Once the batch lexer is able to recover from possible lexical errors present on the input it's much easier to work with it. It's no longer necessary to catch any LexicalError-like exceptions and have an extra error-recovery code present on every place at which the batch lexer is being used.
The lexer will always partition any given input into tokens without any exceptions.

The first requirement for batch lexer in order to be used with the lexer module successfully:

 Batch lexer must recognize (i.e. partition into tokens) any combination of input characters.
 No LexicalError-like exceptions can be thrown from the batch lexer.

Input Characters Coverage

Some batch lexers tend to eliminate whitespace and comments (i.e. they do not create any tokens for such character sequences) as these tokens are generally unnecessary for further processing such as parsing.
Such lexers cannot be used in the lexer module framework.

Second requirement:

 Every character must be tokenized.
 It means that every character instance fed by the batch lexer from the input must belong to a token instance produced by the batch lexer.
 There cannot be any character instances skipped by the batch lexer (i.e. not be part of any token produced by the batch lexer).

This requirement is mainly related to the fact that the lexer module helps to create token elements coverage for documents and that the element coverage is expected to be complete i.e. there cannot be any areas of the document that would not be covered by a token element.
Therefore the lexer framework requires the batch lexer to assign each and every character instance from the input to exactly one token instance.

Restartable Batch Lexer

When Incremental algorithm is fixing token list after document modification it needs to restart the batch lexer before the modified area and replace the old tokens by the new ones (based on the new input) up to the point from which the tokens in the original token list continue to be correct again.
The batch lexer must be able to express its internal state (java.lang.Object instance in general) after token recognition (i.e. at token boundary). That state is later used to restart lexing from the given point in the character input stream.
This allows the incremental algorithm (fixing the token list) to restart lexing just before the modified area instead of starting batch lexer from scratch at the begining of the whole document.

For example let's assume a following html text (tokens colored):

B < B >

The first "B" is plain-text token while second "B" is a html-tag-B token.
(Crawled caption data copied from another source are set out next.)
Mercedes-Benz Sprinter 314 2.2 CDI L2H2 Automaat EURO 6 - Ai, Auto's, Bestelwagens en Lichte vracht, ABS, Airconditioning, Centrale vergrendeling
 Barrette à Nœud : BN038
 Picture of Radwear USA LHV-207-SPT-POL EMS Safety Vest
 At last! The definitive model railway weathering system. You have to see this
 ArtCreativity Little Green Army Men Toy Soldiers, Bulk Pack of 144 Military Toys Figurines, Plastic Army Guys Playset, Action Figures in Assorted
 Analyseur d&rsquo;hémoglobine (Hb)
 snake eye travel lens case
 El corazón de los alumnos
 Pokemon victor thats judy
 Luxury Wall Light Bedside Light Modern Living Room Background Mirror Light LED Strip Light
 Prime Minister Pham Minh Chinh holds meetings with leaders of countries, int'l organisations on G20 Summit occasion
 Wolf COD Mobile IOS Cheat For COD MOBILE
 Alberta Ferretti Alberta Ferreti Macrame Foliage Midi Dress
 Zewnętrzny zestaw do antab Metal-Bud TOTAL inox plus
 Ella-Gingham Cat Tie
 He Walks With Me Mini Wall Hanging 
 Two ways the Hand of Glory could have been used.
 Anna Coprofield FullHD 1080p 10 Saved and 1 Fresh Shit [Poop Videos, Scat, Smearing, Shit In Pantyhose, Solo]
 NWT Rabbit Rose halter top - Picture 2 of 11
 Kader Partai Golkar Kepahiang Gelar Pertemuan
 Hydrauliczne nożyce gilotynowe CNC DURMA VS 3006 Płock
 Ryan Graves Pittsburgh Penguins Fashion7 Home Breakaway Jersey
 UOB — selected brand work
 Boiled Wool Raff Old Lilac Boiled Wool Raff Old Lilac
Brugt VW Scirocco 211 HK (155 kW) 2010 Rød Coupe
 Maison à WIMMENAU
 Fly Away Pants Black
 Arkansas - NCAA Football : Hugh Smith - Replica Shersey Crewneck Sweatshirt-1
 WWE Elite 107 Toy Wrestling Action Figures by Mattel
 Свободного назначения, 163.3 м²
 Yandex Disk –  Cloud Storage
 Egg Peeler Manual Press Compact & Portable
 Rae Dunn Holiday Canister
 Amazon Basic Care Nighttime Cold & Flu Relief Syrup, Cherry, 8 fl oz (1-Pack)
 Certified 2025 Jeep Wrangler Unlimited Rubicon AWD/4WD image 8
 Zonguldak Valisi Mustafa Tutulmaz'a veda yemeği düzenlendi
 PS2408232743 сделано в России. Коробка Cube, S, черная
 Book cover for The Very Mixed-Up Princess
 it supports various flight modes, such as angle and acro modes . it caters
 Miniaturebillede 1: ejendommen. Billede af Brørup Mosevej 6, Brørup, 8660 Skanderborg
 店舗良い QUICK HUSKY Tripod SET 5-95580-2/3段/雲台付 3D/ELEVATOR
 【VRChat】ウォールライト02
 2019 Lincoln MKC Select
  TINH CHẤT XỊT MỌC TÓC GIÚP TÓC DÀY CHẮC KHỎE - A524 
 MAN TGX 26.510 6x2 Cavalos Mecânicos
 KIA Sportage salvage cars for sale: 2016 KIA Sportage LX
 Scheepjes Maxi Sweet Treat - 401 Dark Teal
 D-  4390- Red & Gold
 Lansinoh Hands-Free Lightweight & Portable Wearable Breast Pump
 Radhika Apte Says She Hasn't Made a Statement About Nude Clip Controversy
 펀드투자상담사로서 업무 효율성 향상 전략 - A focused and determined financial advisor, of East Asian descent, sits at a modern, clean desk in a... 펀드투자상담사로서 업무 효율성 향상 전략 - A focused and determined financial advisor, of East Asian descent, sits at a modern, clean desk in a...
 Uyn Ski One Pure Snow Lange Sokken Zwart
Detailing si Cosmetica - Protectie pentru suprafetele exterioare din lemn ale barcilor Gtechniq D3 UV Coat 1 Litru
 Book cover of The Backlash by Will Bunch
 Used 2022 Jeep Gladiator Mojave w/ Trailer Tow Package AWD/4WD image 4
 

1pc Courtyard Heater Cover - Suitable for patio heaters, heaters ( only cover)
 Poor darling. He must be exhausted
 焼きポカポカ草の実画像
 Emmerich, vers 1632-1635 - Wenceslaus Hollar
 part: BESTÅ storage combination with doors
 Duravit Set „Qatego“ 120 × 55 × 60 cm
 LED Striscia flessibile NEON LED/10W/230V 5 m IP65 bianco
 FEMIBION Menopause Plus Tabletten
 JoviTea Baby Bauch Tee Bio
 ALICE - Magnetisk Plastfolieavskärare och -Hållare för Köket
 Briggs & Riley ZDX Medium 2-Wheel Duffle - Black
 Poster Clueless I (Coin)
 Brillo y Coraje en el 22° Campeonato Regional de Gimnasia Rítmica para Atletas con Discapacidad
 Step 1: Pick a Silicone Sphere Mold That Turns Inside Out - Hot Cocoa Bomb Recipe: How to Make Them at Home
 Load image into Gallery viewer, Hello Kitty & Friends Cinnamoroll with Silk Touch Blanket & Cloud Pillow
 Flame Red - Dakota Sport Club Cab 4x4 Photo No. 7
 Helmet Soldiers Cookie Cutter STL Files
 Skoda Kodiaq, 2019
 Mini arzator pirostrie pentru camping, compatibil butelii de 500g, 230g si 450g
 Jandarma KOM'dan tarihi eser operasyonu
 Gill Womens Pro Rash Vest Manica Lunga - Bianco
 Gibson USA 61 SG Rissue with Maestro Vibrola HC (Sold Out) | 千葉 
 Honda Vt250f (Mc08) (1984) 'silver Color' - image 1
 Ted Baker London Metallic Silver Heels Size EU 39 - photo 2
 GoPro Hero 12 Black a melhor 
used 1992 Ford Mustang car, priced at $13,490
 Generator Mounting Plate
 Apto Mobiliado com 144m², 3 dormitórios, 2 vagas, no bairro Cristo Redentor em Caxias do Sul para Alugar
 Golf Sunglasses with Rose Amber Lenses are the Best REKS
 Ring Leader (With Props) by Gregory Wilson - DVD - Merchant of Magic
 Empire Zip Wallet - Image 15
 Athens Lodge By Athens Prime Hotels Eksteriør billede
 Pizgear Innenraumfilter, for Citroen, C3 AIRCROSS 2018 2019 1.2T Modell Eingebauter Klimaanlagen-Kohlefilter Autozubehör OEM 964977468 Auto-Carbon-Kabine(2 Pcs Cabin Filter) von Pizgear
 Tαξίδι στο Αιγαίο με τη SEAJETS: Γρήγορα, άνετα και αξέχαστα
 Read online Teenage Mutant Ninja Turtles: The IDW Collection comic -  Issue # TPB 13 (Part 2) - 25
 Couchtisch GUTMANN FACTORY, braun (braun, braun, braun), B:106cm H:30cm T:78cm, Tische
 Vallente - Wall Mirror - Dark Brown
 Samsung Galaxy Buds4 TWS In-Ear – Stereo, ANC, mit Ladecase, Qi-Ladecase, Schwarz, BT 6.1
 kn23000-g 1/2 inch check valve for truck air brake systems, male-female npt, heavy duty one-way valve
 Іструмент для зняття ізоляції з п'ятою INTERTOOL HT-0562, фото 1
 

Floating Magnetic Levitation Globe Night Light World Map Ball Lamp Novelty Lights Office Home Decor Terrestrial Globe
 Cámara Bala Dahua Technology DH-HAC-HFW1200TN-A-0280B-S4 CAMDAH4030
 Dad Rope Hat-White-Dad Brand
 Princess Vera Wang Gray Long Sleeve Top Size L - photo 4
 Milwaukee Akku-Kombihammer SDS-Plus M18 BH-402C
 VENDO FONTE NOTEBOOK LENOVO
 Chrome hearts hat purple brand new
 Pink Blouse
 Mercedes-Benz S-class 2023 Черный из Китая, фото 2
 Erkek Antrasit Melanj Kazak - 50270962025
Let's assume that user puts cursor after second "B" and types "R":

B < BR >

Incremental algorithm finds out that the text after "<" must be re-lexed.
If there would be no notion about batch lexer internal state (i.e. the batch lexer would be started from scratch) the lexer would now recognize "BR" as plain text (as it does at the begining of the text). This is of course incorrect and the lexer must go into some sort of internal state e.g. called "INSIDE_TAG" (can be an integer constant) once it recognizes "<".
That way when token "<" is initially created by batch lexer (at the time when document gets loaded) the lexer module asks the batch lexer to return its internal state after recognition of "<". The lexer responds "INSIDE_TAG" (instead of some sort of default state that leads to recognition of plain text).
Lexer module remembers the state and associates it with "<" token in the token list.
Now when the "R" gets inserted the incremental algorithm restarts the batch lexer right after "<" with the "INSIDE_TAG" state.
The batch lexer is then aware that it is inside tag and can recognize the "BR" as html-tag-BR instead of plain text.

Restartability is very important feature of the batch lexer. Not having it would require the incremental algorithm to start batch lexer to lex from the begining of the document after each document modification (so that the batch lexer goes into "INSIDE_TAG" state after "<" naturally).
This is of course unacceptable from the performance point of view.

Third requirement:

 Lexer must be able to express its internal state necessary to restart lexing from the same point later.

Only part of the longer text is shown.